* Directions for this task
Below are lines of records; copy exactly those from the one containing "Cartoon Style Countryside" through the one containing "Minoan fresco, House", leaving the pictures behind.

-- Task data follows --

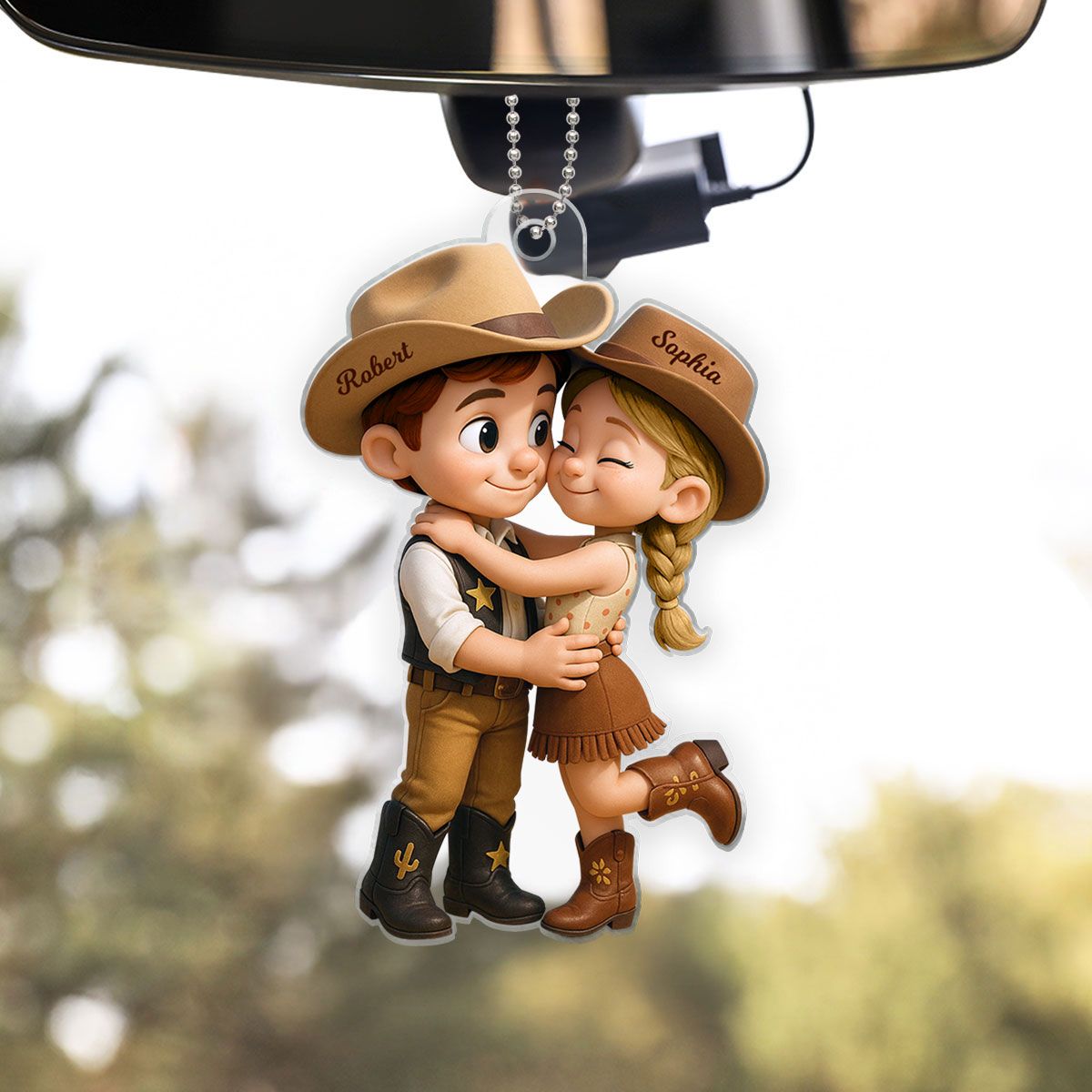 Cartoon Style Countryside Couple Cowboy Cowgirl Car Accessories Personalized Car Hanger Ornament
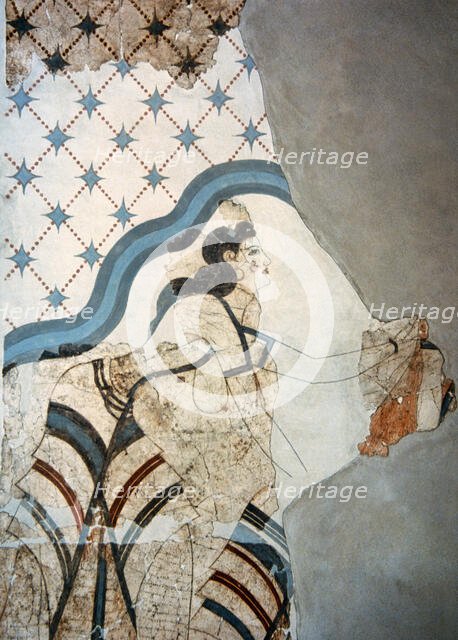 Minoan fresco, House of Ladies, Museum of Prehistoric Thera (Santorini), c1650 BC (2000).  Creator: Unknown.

-- Task data concluded --
-- Task data follows --

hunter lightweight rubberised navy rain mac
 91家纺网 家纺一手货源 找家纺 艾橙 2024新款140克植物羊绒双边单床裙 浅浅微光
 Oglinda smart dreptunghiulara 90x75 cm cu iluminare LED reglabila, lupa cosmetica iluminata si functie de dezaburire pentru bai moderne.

-- Task data concluded --

* Exercise solution
 Cartoon Style Countryside Couple Cowboy Cowgirl Car Accessories Personalized Car Hanger Ornament
 Minoan fresco, House of Ladies, Museum of Prehistoric Thera (Santorini), c1650 BC (2000).  Creator: Unknown.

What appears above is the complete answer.